Klopt deze opsomming? Opnieuw, dat kunnen we niet weten. Het getal twaalf klinkt in elk geval verdacht. Daarmee gaat het lijstje lijken op twaalf apostelen, alsof Ibn Ishaak wilde benadrukken dat het om een religieuze afsplitsing ging. Opvallend is in elk geval dat één stam een belangrijke rol zou hebben gespeeld: de Banoe Doebaya. Over die stam is verder niks bekend. Ze worden bij Ibn Ishaak verder nergens vermeld. Maar hun naam duikt later nóg een keer op in de Arabische geschiedenis, in een werk dat we pas een halve eeuw kennen.

In 1966 vonden onderzoekers in Tamegroete, een dorpje in Zuid-Marokko (en een oud soefi-centrum) een elfde-eeuwse kopie van een verloren gewaand historisch werk, de Tarik (geschiedenis) van Khalifa ibn Khayyat (777-854). Khalifa beschrijft de stichting, omstreeks 650, van de Arabische garnizoensstad Koefa, in Irak. Een van de stammen die zich daar vestigde waren de Banoe Doebaya.
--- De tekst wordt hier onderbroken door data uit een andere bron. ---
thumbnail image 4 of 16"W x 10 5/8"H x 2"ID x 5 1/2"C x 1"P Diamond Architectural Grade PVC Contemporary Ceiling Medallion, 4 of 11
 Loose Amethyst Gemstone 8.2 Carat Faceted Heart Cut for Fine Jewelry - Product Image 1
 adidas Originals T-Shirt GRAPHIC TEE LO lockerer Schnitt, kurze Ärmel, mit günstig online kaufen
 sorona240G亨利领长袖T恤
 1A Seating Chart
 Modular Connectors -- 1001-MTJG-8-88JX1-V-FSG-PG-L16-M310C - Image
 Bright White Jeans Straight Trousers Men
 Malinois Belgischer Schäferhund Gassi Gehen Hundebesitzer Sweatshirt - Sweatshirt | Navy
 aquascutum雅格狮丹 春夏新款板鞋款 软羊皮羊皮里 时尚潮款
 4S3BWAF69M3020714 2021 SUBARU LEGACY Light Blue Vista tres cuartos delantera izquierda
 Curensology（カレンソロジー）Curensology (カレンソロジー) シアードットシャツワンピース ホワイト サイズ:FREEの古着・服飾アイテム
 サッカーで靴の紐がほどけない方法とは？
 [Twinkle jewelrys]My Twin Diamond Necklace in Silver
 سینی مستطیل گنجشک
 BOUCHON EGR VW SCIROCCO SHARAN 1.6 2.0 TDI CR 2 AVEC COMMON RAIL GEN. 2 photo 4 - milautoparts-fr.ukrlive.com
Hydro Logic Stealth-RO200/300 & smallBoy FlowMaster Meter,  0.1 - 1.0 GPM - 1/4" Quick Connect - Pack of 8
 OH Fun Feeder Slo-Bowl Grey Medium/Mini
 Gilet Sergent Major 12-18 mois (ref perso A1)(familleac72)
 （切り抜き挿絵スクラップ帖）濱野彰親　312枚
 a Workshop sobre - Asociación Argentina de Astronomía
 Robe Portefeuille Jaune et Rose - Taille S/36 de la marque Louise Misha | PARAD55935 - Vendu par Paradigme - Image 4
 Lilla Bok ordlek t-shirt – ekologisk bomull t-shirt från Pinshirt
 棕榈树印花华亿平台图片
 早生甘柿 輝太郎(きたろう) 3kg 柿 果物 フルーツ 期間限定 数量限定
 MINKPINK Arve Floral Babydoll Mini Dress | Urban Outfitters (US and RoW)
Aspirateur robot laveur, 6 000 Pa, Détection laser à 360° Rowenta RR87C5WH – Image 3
Dezelfde stam, zo vertelt Khalifa, vormde de ‘harde kern’ van een opstand rond 700 tegen de machtige kalief abd al-Malik. Een opstand die met harde hand werd onderdrukt. Daarna verdwijnen de Banoe Doebaya uit de geschiedenis. Grote kans dat ze rond 700 ophielden te bestaan.

Lastige jongens, die Banoe Doebaya, zo zou je zeggen. Eerst komen ze in Medina in verzet tegen de Profeet, en zeventig jaar later doen ze dat opnieuw, tegen abd al-Malik. Maar er is ook een andere mogelijkheid. Het is denkbaar dat een of andere verteller die actief was tijdens of na afloop van die mislukte opstand in Koefa het lijstje bouwers van de ‘Moskee van de tegenstand’ heeft uitgebreid met een aantal erkende schurkennamen – voorvaderen van de Banoe Doebaya. Die hadden niks met de ‘moskee van de tegenstand’ te maken gehad maar dit was een mooie manier om de aanstichters van de opstand zwart te maken: ze waren niet te vertrouwen, die Banoe Doebaya! Vijanden van de Profeet! Ze hadden zich in Medina al verzet tegen diens gezag! En toen had Mohammed hen uiteengejaagd! Kortom, dat lijstje daders dat Ibn Ishaak weer een halve eeuw later opschreef, kan wel eens naderhand, rond 700, ‘aangevuld’ zijn met een aantal latere ‘schurken’.

We weten al met al helaas maar heel weinig van wat er toen is gebeurd. Bij alle details zijn vraagtekens te plaatsen. Maar het staat buiten kijf dát er iets dramatisch gebeurde, en dat Mohammed keihard optrad om zijn gezag in Medina te herstellen. Niet iedereen was blij met de Profeet, zoveel is duidelijk.